I wonder if this fact as a place in this article: In 2013-2014 a Beirut law firm seeking the repatriation of the Rhosus’s crew to Russia and Ukraine urged the port’s general manager to remove the ship's cargo (ammonium nitrate that would eventually explode in 2020) to avoid “a maritime catastrophe.” The law firm attached emails from the ship’s charterer warning about its “EXTREMELY DANGEROUS CARGO” and a 15-page Wikipedia entry cataloguing “ammonium nitrate disasters.”[1]

I have just added this information to Wikipedia:Wikipedia as a court source, and I also wanted to note this at least in this talk page.

Thank you. Al83tito (talk) 05:06, 17 September 2020 (UTC)[reply]
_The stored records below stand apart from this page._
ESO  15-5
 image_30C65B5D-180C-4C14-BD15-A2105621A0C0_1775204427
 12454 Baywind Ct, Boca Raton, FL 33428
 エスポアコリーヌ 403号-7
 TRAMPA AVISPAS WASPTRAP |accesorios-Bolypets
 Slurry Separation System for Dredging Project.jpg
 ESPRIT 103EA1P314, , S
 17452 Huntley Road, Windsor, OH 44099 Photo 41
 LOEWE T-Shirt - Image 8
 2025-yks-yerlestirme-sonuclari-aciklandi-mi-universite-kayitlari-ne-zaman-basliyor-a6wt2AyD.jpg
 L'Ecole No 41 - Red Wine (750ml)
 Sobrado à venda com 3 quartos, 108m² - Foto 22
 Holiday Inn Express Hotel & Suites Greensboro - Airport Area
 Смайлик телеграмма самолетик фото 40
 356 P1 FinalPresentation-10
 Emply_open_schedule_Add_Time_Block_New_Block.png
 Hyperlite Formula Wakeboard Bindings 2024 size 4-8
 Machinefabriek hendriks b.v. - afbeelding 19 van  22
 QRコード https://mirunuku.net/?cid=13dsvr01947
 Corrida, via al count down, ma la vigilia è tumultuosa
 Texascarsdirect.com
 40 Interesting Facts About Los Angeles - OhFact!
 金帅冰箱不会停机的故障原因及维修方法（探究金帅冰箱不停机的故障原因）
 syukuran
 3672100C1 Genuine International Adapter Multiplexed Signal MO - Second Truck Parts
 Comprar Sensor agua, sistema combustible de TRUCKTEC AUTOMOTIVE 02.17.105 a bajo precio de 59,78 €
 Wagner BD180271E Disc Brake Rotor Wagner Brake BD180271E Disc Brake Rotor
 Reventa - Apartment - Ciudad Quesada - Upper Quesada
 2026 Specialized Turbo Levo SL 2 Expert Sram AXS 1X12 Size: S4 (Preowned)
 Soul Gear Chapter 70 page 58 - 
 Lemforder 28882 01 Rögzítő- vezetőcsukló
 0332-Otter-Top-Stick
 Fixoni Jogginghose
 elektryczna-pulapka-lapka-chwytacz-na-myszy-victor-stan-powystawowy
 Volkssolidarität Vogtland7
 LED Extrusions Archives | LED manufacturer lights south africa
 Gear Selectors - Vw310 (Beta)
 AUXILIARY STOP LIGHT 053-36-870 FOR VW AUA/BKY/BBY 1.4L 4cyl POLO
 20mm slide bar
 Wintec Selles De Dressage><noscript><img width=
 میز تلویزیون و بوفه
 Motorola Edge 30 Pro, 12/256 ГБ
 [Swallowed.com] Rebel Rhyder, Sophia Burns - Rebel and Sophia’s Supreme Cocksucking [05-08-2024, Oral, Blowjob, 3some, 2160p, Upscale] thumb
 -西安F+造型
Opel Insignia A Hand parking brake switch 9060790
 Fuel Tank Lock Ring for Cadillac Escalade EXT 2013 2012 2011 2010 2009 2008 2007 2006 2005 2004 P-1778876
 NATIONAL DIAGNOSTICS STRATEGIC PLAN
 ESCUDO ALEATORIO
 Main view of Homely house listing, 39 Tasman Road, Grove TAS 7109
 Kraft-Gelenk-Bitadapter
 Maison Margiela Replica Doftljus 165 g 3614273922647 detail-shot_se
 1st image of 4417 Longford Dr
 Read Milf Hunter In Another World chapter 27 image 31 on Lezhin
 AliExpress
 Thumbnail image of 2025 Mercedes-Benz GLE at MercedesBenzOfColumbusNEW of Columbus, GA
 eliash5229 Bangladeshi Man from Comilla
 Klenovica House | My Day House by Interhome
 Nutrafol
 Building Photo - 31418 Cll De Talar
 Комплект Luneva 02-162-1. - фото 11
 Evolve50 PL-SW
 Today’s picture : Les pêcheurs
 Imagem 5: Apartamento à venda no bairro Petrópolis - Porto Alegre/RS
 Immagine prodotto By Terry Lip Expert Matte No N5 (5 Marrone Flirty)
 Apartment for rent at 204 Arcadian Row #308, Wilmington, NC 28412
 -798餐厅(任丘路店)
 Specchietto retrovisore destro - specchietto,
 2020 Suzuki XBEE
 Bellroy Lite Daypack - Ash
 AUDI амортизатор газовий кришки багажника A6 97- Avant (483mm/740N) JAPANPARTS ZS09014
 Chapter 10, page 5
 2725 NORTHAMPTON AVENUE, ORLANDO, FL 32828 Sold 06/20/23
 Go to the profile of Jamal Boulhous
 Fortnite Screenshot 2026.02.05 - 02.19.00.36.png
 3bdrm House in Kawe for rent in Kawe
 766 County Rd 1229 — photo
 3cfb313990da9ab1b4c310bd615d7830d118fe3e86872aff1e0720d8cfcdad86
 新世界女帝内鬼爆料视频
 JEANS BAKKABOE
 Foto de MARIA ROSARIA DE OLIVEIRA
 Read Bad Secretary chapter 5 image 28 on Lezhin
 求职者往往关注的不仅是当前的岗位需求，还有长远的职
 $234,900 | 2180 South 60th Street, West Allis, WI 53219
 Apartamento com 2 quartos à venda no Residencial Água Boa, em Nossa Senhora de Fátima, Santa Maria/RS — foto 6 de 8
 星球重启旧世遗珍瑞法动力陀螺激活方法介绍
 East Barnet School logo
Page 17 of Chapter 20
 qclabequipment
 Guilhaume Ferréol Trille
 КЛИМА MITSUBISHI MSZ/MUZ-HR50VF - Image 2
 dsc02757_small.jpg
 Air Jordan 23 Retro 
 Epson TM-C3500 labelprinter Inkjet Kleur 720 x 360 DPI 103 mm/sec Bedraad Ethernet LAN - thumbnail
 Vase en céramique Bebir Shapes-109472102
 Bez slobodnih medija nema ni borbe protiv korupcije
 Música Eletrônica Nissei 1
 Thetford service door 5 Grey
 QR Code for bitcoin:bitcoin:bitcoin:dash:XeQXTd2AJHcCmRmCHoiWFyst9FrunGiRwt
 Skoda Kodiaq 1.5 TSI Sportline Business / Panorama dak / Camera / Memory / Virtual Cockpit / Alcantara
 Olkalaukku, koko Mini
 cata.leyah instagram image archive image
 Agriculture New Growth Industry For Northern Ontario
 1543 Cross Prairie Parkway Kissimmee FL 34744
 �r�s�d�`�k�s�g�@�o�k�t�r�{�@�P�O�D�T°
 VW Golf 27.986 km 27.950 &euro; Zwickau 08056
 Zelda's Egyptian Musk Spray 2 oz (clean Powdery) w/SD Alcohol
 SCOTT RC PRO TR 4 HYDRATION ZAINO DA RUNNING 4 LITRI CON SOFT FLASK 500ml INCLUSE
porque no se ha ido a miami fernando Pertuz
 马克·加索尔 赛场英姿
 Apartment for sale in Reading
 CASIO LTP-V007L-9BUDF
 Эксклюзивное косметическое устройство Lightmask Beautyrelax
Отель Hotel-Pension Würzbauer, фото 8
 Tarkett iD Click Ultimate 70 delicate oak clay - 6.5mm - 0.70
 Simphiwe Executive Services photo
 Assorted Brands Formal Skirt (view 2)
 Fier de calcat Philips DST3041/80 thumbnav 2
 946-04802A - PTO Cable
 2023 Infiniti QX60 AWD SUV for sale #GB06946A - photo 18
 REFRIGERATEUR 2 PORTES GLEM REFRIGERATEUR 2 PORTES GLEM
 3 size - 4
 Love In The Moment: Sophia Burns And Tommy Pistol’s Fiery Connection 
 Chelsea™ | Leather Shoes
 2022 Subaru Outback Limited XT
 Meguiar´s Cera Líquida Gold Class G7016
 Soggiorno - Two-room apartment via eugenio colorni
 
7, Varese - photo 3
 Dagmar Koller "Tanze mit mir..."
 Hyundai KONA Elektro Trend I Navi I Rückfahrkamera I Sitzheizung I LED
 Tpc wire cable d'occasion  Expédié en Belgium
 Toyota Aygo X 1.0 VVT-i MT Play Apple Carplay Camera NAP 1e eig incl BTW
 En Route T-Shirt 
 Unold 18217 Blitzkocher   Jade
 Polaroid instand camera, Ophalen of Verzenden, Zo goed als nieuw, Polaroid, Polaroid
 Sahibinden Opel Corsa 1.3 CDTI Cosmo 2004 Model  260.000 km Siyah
This is already mentioned in the note at the top of this page. --Ita140188 (talk) 08:49, 17 September 2020 (UTC)[reply]
Ah, yes! Sorry for the oversight. And thank you for your response.Al83tito (talk) 16:27, 17 September 2020 (UTC)[reply]
  1. ^ Hubbard, Ben; Abi-Habib, Maria; El-Naggar, Mona; McCann, Allison; Singhvi, Anjali; Glanz, James; White, Jeremy (September 9, 2020). "How a Massive Bomb Came Together in Beirut's Port - Fifteen tons of fireworks. Jugs of kerosene and acid. Thousands of tons of ammonium nitrate. A system of corruption and bribes let the perfect bomb sit for years". The New York Times. Archived from the original on September 14, 2020. Retrieved September 16, 2020.